■ Exercise inputs

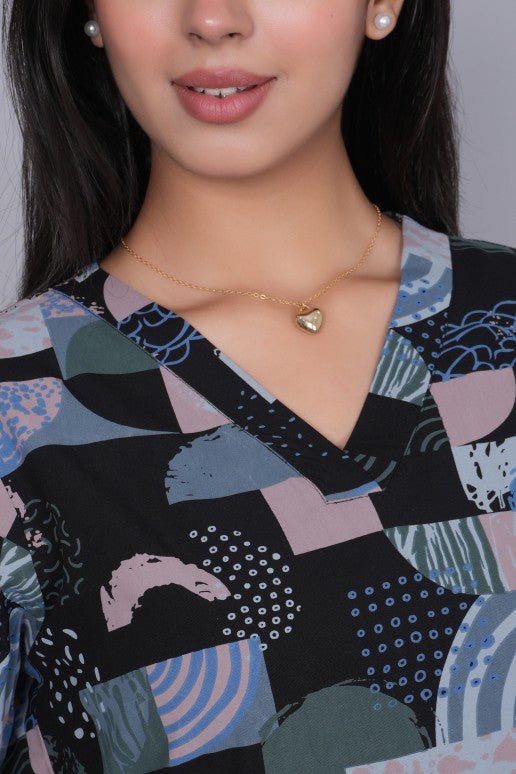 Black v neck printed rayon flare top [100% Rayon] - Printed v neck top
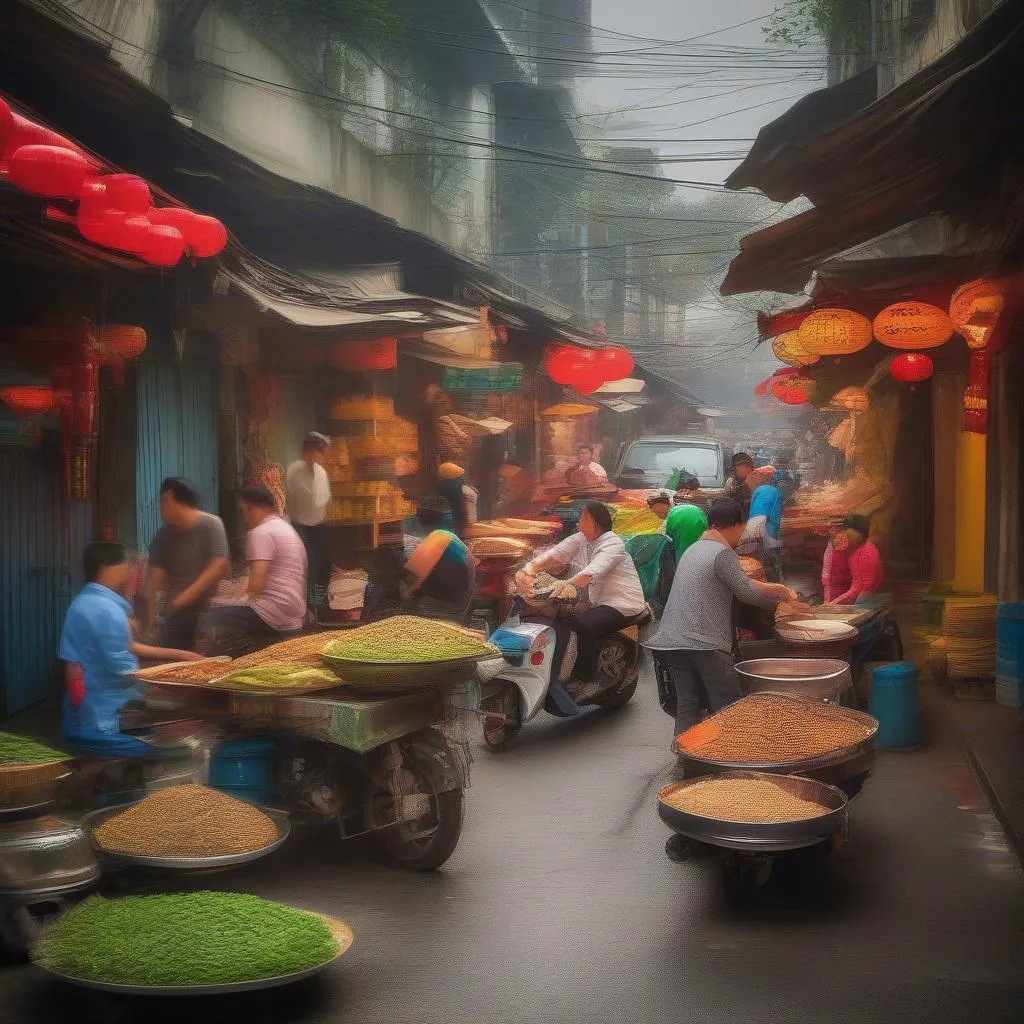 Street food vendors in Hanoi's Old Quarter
---
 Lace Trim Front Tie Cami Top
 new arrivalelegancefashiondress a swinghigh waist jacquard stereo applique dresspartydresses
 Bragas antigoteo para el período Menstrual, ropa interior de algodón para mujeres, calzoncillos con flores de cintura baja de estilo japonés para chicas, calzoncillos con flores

■ Aim of the exercise
Produce a word-for-word copy of everything above from the line holding "new arrivalelegancefashiondress a" down to the line holding "Bragas antigoteo para", with both of those lines kept.

■ Result below
 new arrivalelegancefashiondress a swinghigh waist jacquard stereo applique dresspartydresses
 Bragas antigoteo para el período Menstrual, ropa interior de algodón para mujeres, calzoncillos con flores de cintura baja de estilo japonés para chicas, calzoncillos con flores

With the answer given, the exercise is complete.